Article written by Prieur du Plessis, editor of the Investment Postcards from Cape Town blog.

Adam Hewison, charting strategist of INO.TV, brings you another edition of his invaluable service of daily technical updates on the ups and downs of various markets. This short analysis is a great tool for keeping one’s finger on the pulse and timing the markets. I have personally been using the INO/Market Club software for about two years and can vouch for these tools being extremely useful.

Click the image below to hear Adam’s latest views on gold , silver, the US Dollar Index, the CRB Index, crude oil and the S&P 500 Index. Also, click here to have an instant analysis of any ticker symbol in your portfolio performed by INO.

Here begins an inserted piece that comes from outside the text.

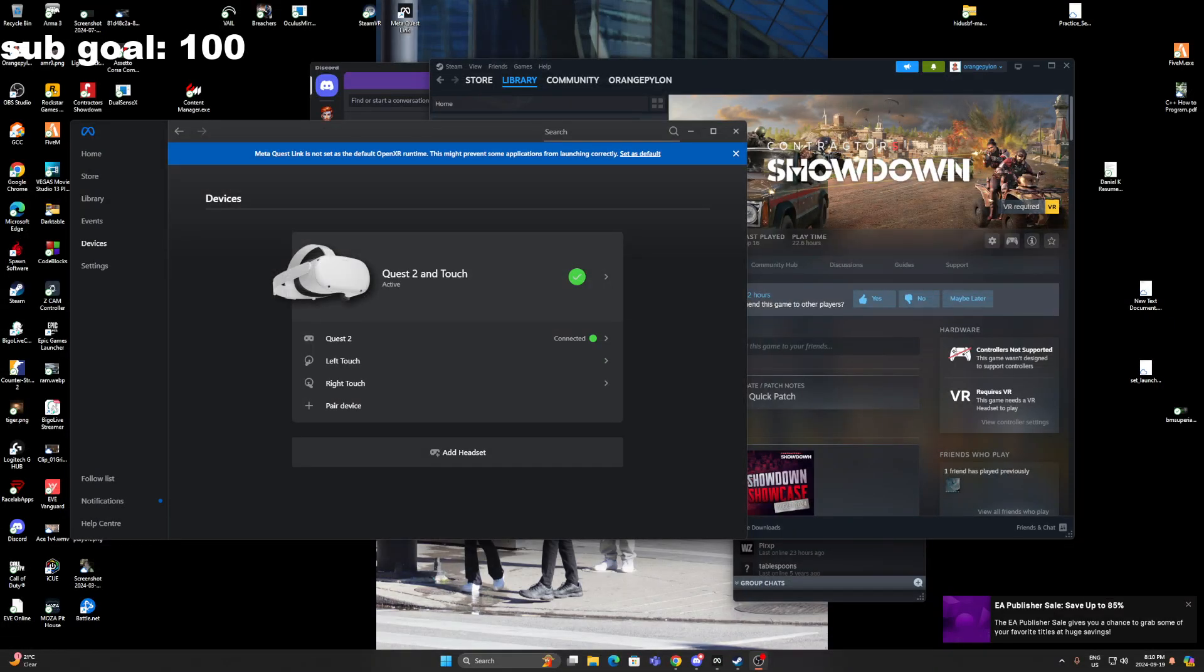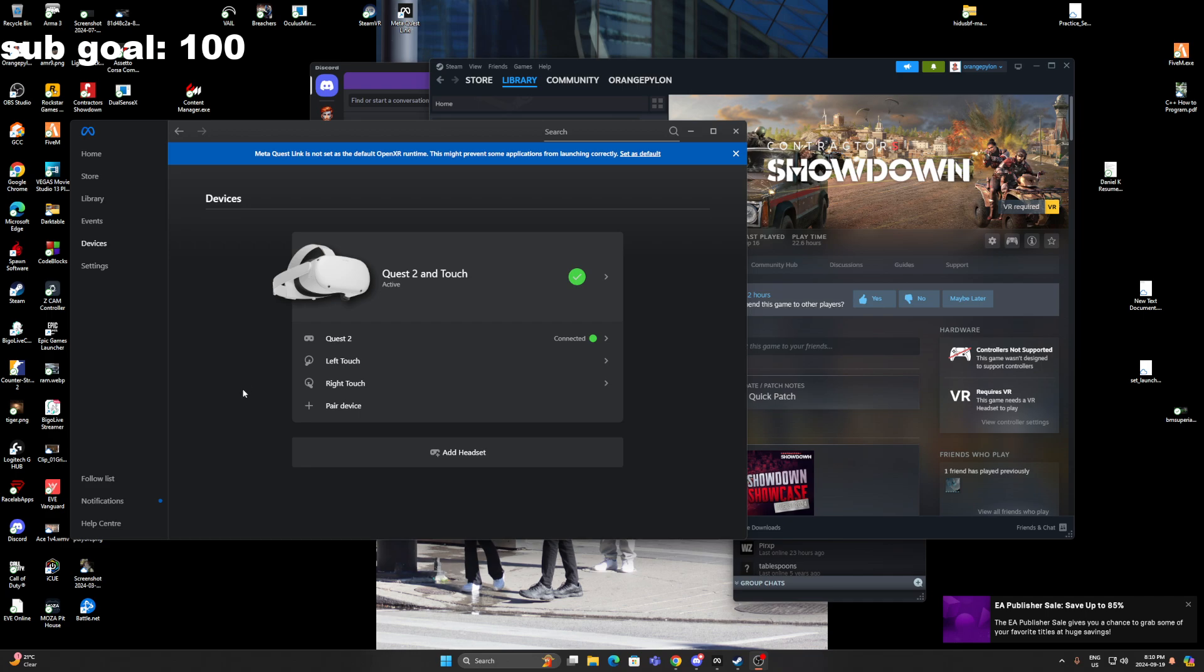Hey what's up guys, Orange Pylon here. I wanted to show you how to fix the fatal error if you bought Contractor Showdown on Steam. It's pretty simple to follow along. This is the only way I figured out how to fix it. If you have a Quest 2, I don't know if it works on the Quest 3, but it works on the Quest 2.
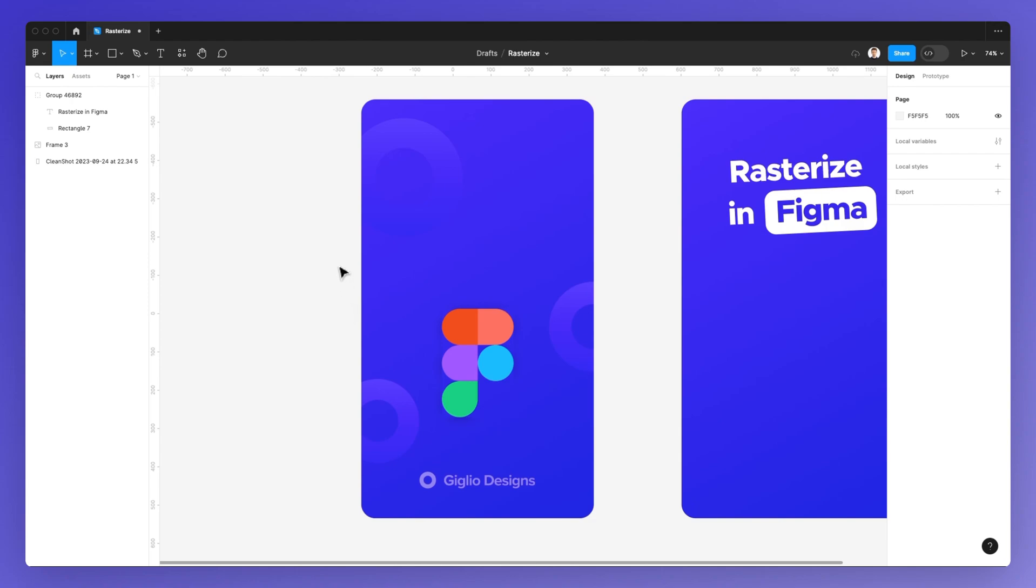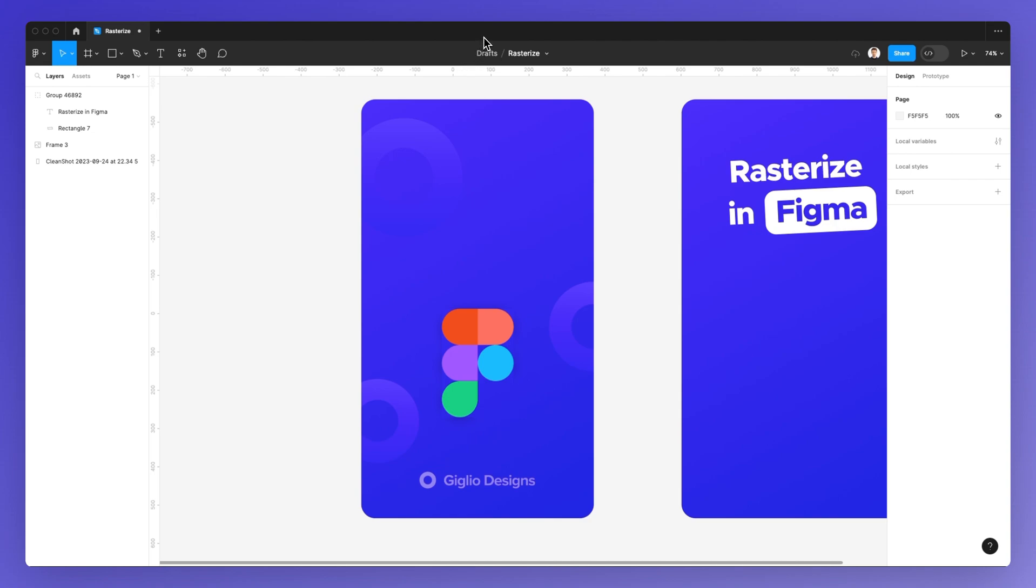This is pretty much it for this video. If you want to learn more about Figma, we have all sorts of different free resources on our website, so feel free to check it out in the link in the description, and I'll see you in the very next video.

Here is a summary of his technical outlook:

• SP 500: -100. Today’s action in the S&P 500 is a further reinforcement of the downward trend that has been in place for quite some time. As we said in yesterday’s comments, you must remember that the major trend is down for the equity markets and strong rallies represent shorting opportunities. Looking at the weekly charts, a close at current levels would be extremely negative. The lowest close we have seen on the S&P 500 this year is 1119.46. This is another level to watch carefully. We see this market going lower.

• Silver: +75. Consider these words of wisdom … Do not buy silver because you think it is cheap in comparison to gold. The market continues to be in a broad trading range without a clear-cut trend at this time. Intermediate term traders should be on the sidelines and out of silver. A Chart Analysis Score of +75 indicates a two-way market and a trading range. Let us be patient and wait for our Trade Triangles to kick in and give us a solid signal.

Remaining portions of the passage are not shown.